Available records: Begin
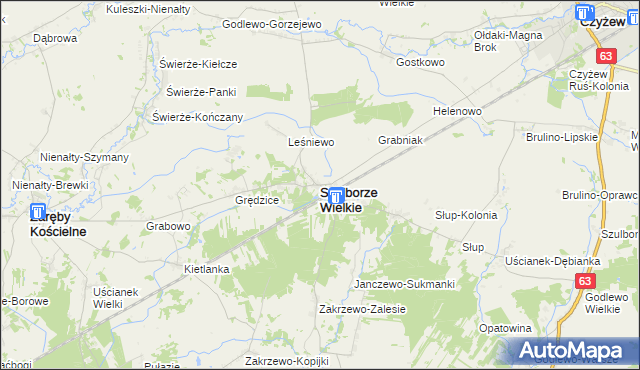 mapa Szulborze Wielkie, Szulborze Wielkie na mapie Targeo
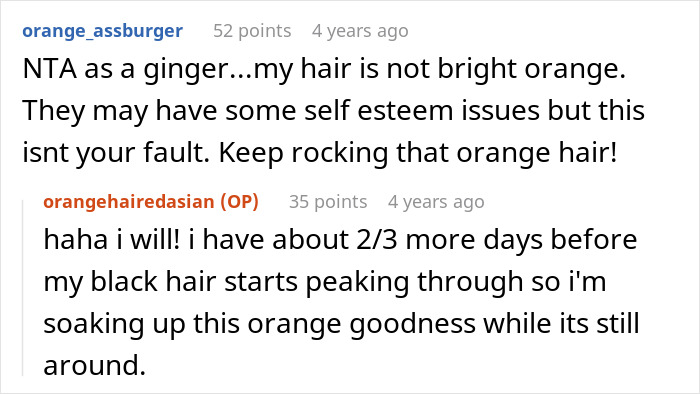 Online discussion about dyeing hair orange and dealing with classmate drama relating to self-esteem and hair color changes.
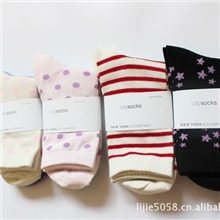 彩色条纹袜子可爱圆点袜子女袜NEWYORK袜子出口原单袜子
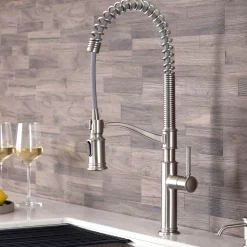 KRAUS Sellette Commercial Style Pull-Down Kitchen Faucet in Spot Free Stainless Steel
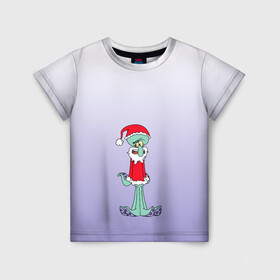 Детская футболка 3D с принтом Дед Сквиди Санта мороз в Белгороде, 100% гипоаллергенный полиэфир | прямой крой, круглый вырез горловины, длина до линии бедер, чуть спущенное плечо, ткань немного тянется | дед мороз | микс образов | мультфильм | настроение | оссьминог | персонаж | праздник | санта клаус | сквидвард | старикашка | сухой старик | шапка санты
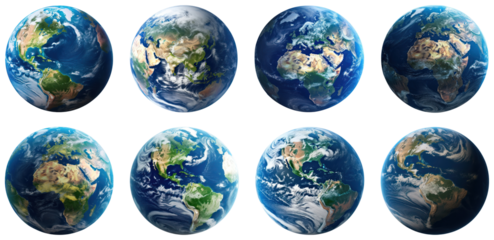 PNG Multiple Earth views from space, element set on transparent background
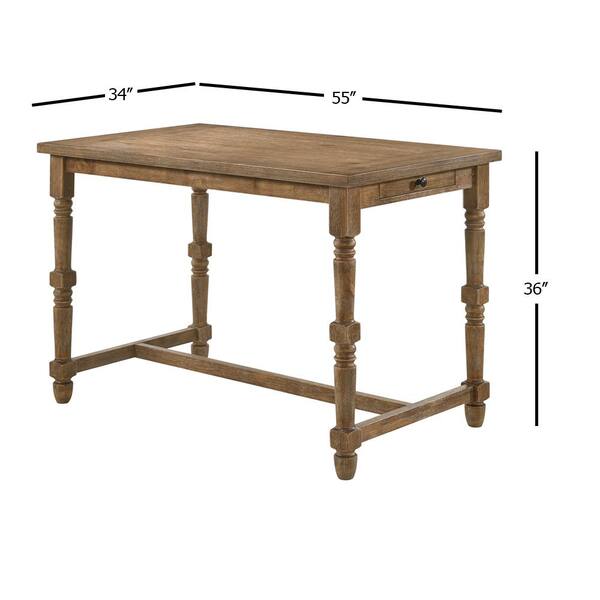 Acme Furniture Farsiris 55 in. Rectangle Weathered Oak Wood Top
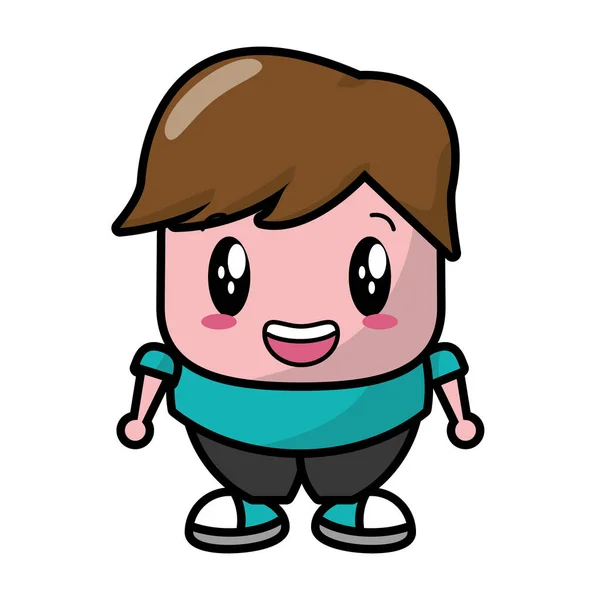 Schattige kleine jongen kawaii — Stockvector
Available records: End
#### Problem to solve:
Leave the pictures out and print the whole listing precisely.

#### Result below:
 mapa Szulborze Wielkie, Szulborze Wielkie na mapie Targeo
 Online discussion about dyeing hair orange and dealing with classmate drama relating to self-esteem and hair color changes.
 彩色条纹袜子可爱圆点袜子女袜NEWYORK袜子出口原单袜子
 KRAUS Sellette Commercial Style Pull-Down Kitchen Faucet in Spot Free Stainless Steel
 Детская футболка 3D с принтом Дед Сквиди Санта мороз в Белгороде, 100% гипоаллергенный полиэфир | прямой крой, круглый вырез горловины, длина до линии бедер, чуть спущенное плечо, ткань немного тянется | дед мороз | микс образов | мультфильм | настроение | оссьминог | персонаж | праздник | санта клаус | сквидвард | старикашка | сухой старик | шапка санты
 PNG Multiple Earth views from space, element set on transparent background
 Acme Furniture Farsiris 55 in. Rectangle Weathered Oak Wood Top
 Schattige kleine jongen kawaii — Stockvector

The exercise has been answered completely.